The battle to learn Russian is tedious and at times mind-numbingly complicated. At one point you may think you understand what is going on. You may be able to name all the items in your house, grocery store, and maybe your town. You may be superb at grammar and you can tell whether you need to put this sentence in genitive case or into accusative, however that all changes when you realize the rule that everything comes with an exception. This  rule also applies to Russian culture and in particular a 98 year old woman sitting on a bench.

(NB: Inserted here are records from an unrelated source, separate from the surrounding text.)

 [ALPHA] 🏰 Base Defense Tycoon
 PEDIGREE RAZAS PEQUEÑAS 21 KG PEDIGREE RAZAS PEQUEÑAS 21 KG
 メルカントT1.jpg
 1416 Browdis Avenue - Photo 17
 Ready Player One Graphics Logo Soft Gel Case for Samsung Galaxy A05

It was a sweltering Friday evening and I was coming back from the gym. I was hot, sweaty, and most of all thirsty because I left my water at the dorm. I was running down a dirt path to get back to the dorm when I saw a little old lady gesturing for me to come to her. I was apprehensive at first but I thought nothing could happen if I just talk to her. She was maybe one hundred pounds soaking with very fine white hair and a dress that hung off her body with the same careless freedom as her skin. Hey eyes were a sharp blue and porcelain white skin rivaled that of freshly fallen snow. She was missing most of her teeth but she managed to tell me that she was trying to get to the store and wanted to go buy groceries. The problem was she was having a hard time a hard time walking because of her back. I agreed to help escort her to the grocery store and bring her groceries back to her apartment (which she had said was on a nearby street). We started walking but with the combination of her age and her aching back the journey of only about 200 meter became the an hour long escapade that involved multiple stops to rest and the occasional loss of balance.

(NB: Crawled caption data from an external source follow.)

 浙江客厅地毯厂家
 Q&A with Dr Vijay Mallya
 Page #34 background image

She would not talk while we moved because much the trip strained her back. However when we sat down it became clear she liked to talk. It became clear that this was no longer a good deed for an old lady but was a challenge on my listening and speaking skills. She began to ask me about my family and my age and I replied as best I could without sounding like a complete idiot. She laughed about the fact that I was 20 and she was now 98. She told me about her life in Russia when she was my age. She went into great detail about her family and all of her sisters, brothers, aunts, uncles, and friends. Then she told me about their jobs, their families, where they lived, and how they died. Now if you are a Russian student your understand that listening to Russian for just fifteen minutes straight with intricate vocabulary and complex structure can be difficult. Add the fact that the speaker has barely any teeth and the voice of a mouse then you are in for one hell of a Russian lesson. What I was astonished by was how open she was about her problems, her life, and pretty much everything. She went so far as to spare no expense at telling me her views on Russian politics, life in the soviet union, and her opinion on American politics. After the cavalcade of information and 45 minutes of stopping and starting we finally made it into the store. I grabbed a basket and asked her what she needed. She led me to the beer and liquor and told me to grab bottle upon bottle of beer and vodka till we had filled the whole basket with booze. She smiled and proceeded to buy all the alcohol.

Confused and too far into the thick of this situation I go from good Samaritan to alcohol pack mule. What’s better is she takes a swig from her newly purchased vodka and tells me we are going back to her apartment. With that swig in her she gains a newfound pep in her step that propels us to walk 15 minutes to reach her apartment. The whole way back I pretend to listen to more of her stories as we sit down, but inside my head I count each bottle of booze as a step stone closer to hell. Our epic journey ends at her apartment where she takes the bag carry the obscene amount of alcohol. We part ways and she thanks me the only way an elderly Russian woman knows- a drink and her heartfelt thanks.  While I was still rather confused and now attained a newfound respect for the Russian alcohol tolerance I leave the apartment complex.

As I leave I spot two elderly women sitting on a bench who had been watching this whole escapade. They gesture me to talk to them. Now you would think that I would have learned better than to interact with more old Russian women, but of course I guess learning Russian makes you into a sadist. So I walk up to them and they complicate me on being a good person but confirm my suspicions that I was enabling a 98 year old alcoholic. While they laughed at my naiveté I reasoned that if she was 98 years old then I guess she must be doing something right. I ran back home that day thinking about Russian culture and how I may never understand everything. And while there are always a stereotypical Russians they surprise you when you learn about how open they are. They may seem reserved and cold but inside they are as open as a book.  So maybe you want to avoid interacting with every person while abroad but as always try to be engaging with others who speak the language you are learning. Best case scenario may learn something new about the language and the culture. Worst case scenario you enable a 98 year old woman to drink and get laughed at by a couple of elderly women.